### Study material:
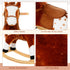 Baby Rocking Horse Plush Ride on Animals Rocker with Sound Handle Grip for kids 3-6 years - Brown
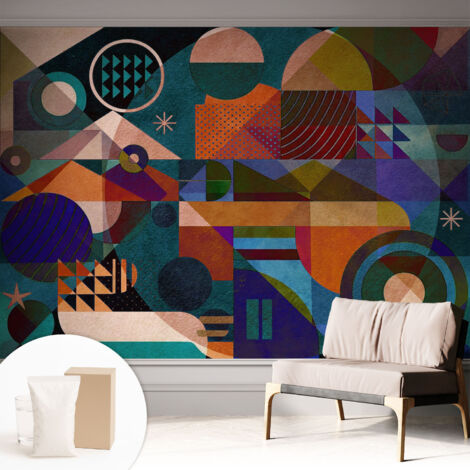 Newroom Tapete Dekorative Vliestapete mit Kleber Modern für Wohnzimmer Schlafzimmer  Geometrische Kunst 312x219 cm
...
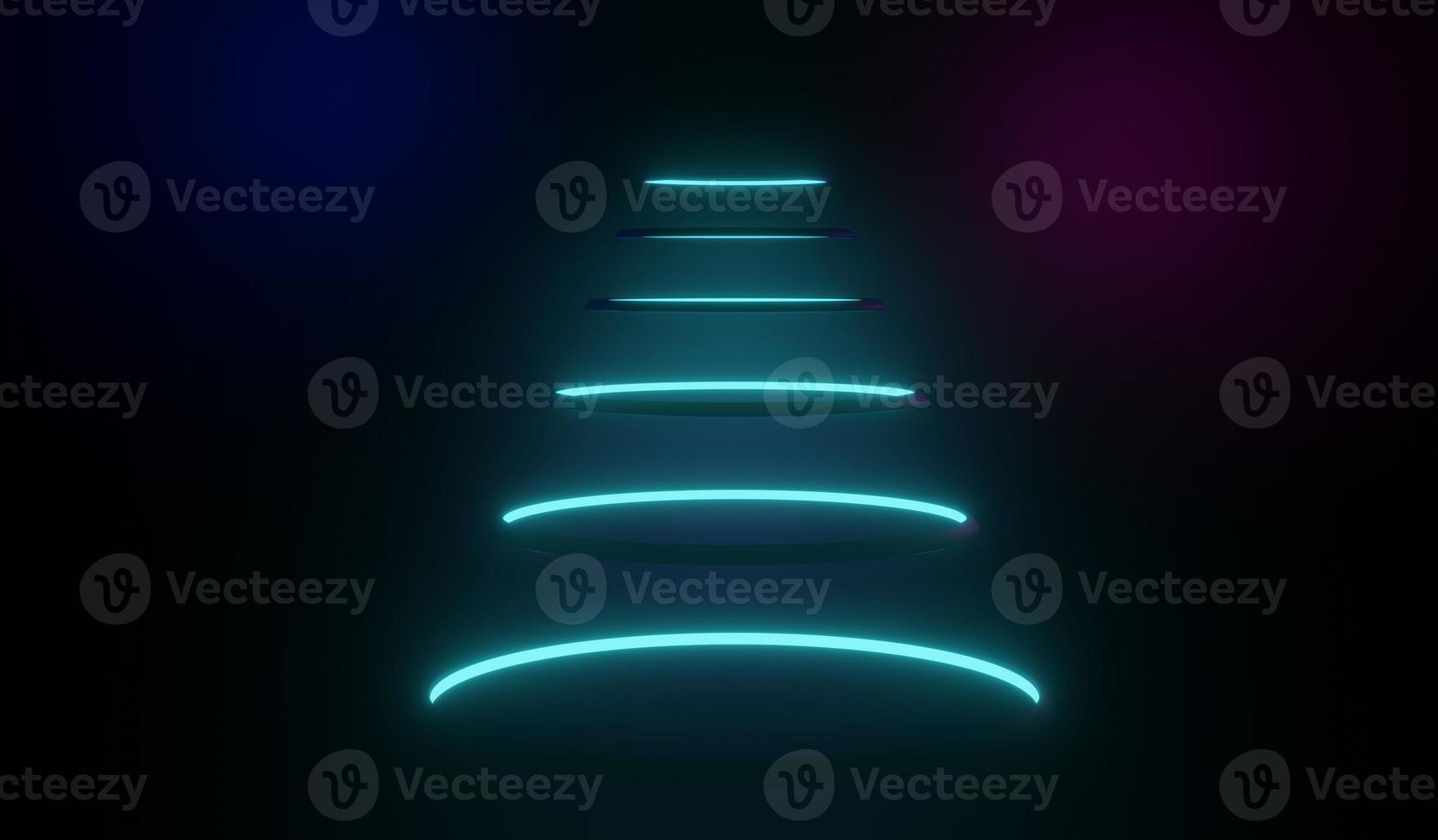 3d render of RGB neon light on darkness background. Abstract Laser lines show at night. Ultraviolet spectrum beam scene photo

### Problem requirements:
Only one part of the material above is wanted: the lines from the one with "Baby Rocking Horse" up to and including the one with "Newroom Tapete Dekorative". Please copy them exactly, pictures left out.

### Exercise result:
 Baby Rocking Horse Plush Ride on Animals Rocker with Sound Handle Grip for kids 3-6 years - Brown
 Newroom Tapete Dekorative Vliestapete mit Kleber Modern für Wohnzimmer Schlafzimmer  Geometrische Kunst 312x219 cm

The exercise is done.